To the above question the lower court sustained appellees' objection on the ground that the testimony sought to be elicited would be an invasion of the prerogatives of the jury, and would necessitate the witnesses expressing an opinion as to an ultimate fact in issue between the parties, to-wit: the appellees' negligence. The appellant was permitted to proffer the testimony of both the architect and engineer.

When facts are within the ordinary experience of the jury, the conclusion from those facts will be left to them, and experts will not be permitted to give their conclusions in such cases. Expert testimony generally is admissible when the facts to be determined are obscure, and can be made clear only by and through the opinions of persons skilled in relation to the subject matter of the inquiry. 13 Fla.Juris, Evidence, § 312. However, the need for scientific or specialized knowledge to assist the court and jury in deciding a case has been recognized; for example, the layman is unqualified to diagnose a disease and is still less able to form an opinion as to the propriety of the treatment therefor. In substance, it is the specialized knowledge which the witness possesses that is not possessed by the jurors or ordinary layman that may be of benefit to the jury and the court in reaching a proper determination of fact.
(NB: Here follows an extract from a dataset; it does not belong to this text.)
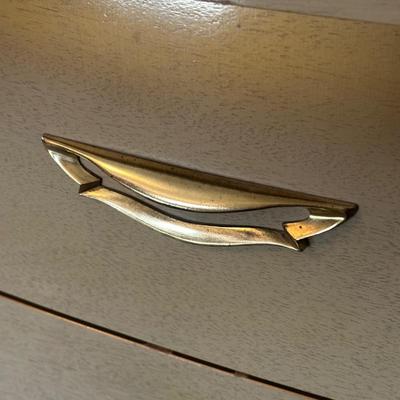 LOT 128Z: J.B. Van Sciver Co Dresser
In the instant case, the appellees have conceded the qualifications of the two witnesses whose testimony was proffered by the appellant. Their testimony would be helpful in order to determine whether the premises were constructed and maintained in accordance with reasonably safe construction and engineering standards. These witnesses would be subject to cross-examination by the appellees and to rebuttal testimony by equally competent engineers and architects. There would be no duty on the jury's part to accept these two experts' testimony as proof of the ultimate fact of negligence on the part of the appellees. If the jury found that the facts on which the appellant's hypothesis or theory is based were not proved, the answers of the experts would necessarily fall with the hypothesis. See 13 Fla.Juris., Evidence, § 314; Baker v. State, 30 Fla. 41, 11 So. 492; Escambia County Elec. Light & Power Co. v. Sutherland, 61 Fla. *591 167, 55 So. 83; Mutual Ben. Health & Accident Ass'n v. Bunting, 133 Fla. 646, 183 So. 321.
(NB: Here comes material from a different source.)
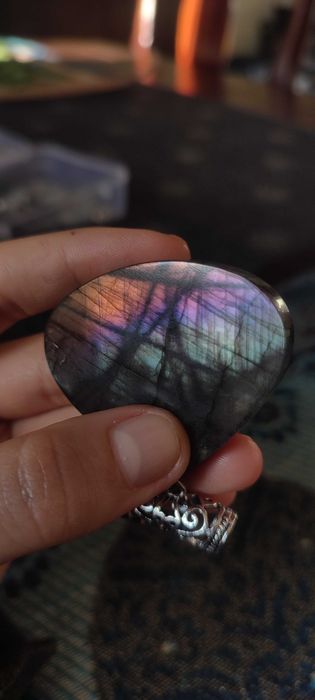 Labradoryt fioletowy pomarańczowy kryształ labradarytu wisior wisiorek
There is considerable authority for the lower court's ruling in excluding the testimony of the two experts as an invasion of the province of the jury, but we feel that the present trend of authority is to make no distinction between evidential and ultimate facts as subjects of expert opinion. See North v. State, Fla. 1952, 65 So. 2d 77 at pages 87, 88; 20 Am.Jur., Evidence, § 782, p. 654. It is still the sole province of the jury to accept or reject the testimony of the expert witness, regardless of how respectable and qualified that witness may be, and the jury is in no wise bound by the expert's conclusions, any more than it is bound by the testimony of any other witness. This theory has been cited with approval and further explained in II Wigmore on Evidence, 3d Ed., § 673, p. 795.
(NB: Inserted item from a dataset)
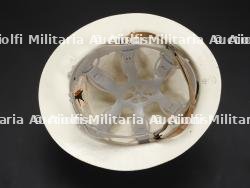 Belgique, lot de quatre casques de sapeurs-pompiers des annees 1980-1990, dont un de Liege. Belgium, set of four 1980s–1990s firefighter helmets, including one from Liege. — miniature 17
When the relationship between the parties is considered, together with the particular negligence alleged and the testimony that was sought to be tendered to the jury through the two expert witnesses, we feel that it was error for the lower court to have excluded their testimony and directed a verdict for the appellees, and we are not convinced that such was harmless error. It thereupon follows that the judgment of the lower court is reversed and the cause is remanded for a new trial.

Reversed and remanded.

CARROLL, CHAS., C.J., and PEARSON, J., concur.